Insights

Tax Talk: Notification of uncertain tax treatment by large businesses

The extended consultation window has recently closed on the government’s intention to require large businesses to notify HMRC where they have adopted an uncertain tax treatment. It is currently proposed that this will be legislated in Finance Bill 2020-21 and will apply to uncertain tax treatments in returns filed after April 2021.

Which businesses will be required to notify?

The requirement will only apply to those large businesses which fall within the Senior Accounting Officer and Publication of Tax Strategies regimes. Under current legislation this means businesses with either a turnover above £200 million or a balance sheet total over £2 billion.

HMRC has also indicated that the notification measure will apply to partnerships and LLPs that exceed the above thresholds, as well as corporates.

The new rules will apply to all taxes that currently fall within the SAO regime – Corporation Tax, Income Tax, PAYE, VAT, Excise and Customs Duties, Insurance Premium Tax, Stamp Duty Land Tax, Stamp Duty Reserve Tax, Bank Levy and Petroleum Revenue Tax.

Meaning of uncertain tax treatment

An uncertain tax treatment is one where a business believes that HMRC may not agree with its interpretation of the legislation, case law or guidance then a tax treatment is said to be ‘uncertain’.

The objective of the new rules is to identify issues where businesses have adopted a different legal interpretation to HMRC’s view.

The notification requirement draws on the IFRS Interpretations Committee’s IFRIC 23 Uncertainty over Income Tax Treatments, which helps to determine a notification requirement. This requires assessing whether it is probable that a tax authority (including a court) would accept an uncertain tax treatment and looks at the ultimate outcome, and not solely the likelihood of challenge by HMRC. The proposed measures differ in this respect as they require an assessment, not of the ultimate outcome, but also to identify and notify uncertainties that HMRC is likely to challenge.

IFRIC 23 only applies to income taxes, however HMRC intends to use a similar definition to apply to all the taxes in scope of these proposed rules.

Notification process

Notification will be via a single annual process which encompasses all relevant taxes. The essential information to be included will be similar to that which is currently included within the SAO regime, namely a concise description of issues identified, but will also require an indication of the amount of tax relating to the uncertainty.

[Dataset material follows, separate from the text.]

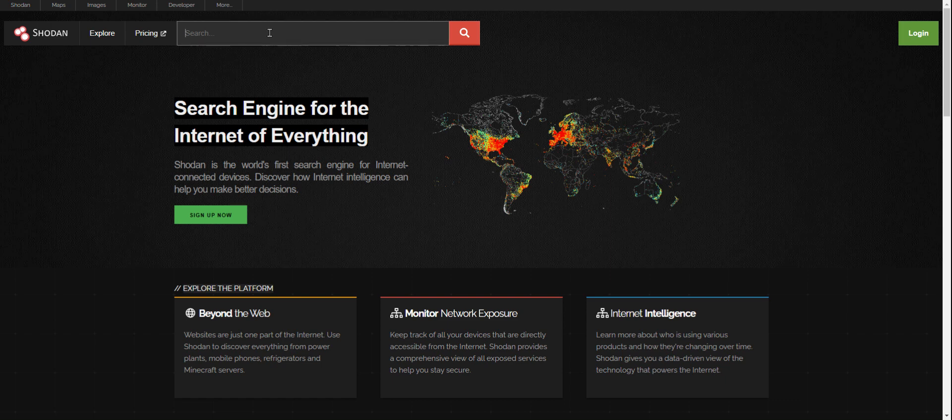So what do you mean by internet connection? Okay, let's say I'm looking for Apache server.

There is a threshold of £1m, whereby uncertain tax treatments amounting to less than £1 million either individually or combined, will not be notifiable.

Current timing for the certification made under the SAO regime is six or nine months from the end of the accounting period of the company, and the intention is to align the notification with these same annual accounts submission deadlines.

Exceptions

The government has included proposed exceptions, including situations in which disclosure is made under another regime, for example DOTAS or DAC6. A business can opt to disclose an uncertainty which is already the subject of formal discussion with HMRC, such as in the course of an ongoing enquiry into a tax return which specifically covers the tax treatment in question.

In addition, the requirement to disclose can be removed where a business has written confirmation from HMRC that it has sufficient information in advance of the deadline for disclosing an uncertain tax position. Where a business has a Customer Compliance Manager (CCM), they are likely to be the person with whom such an agreement is made. However, HMRC will release details of persons to contact for customers without a CCM.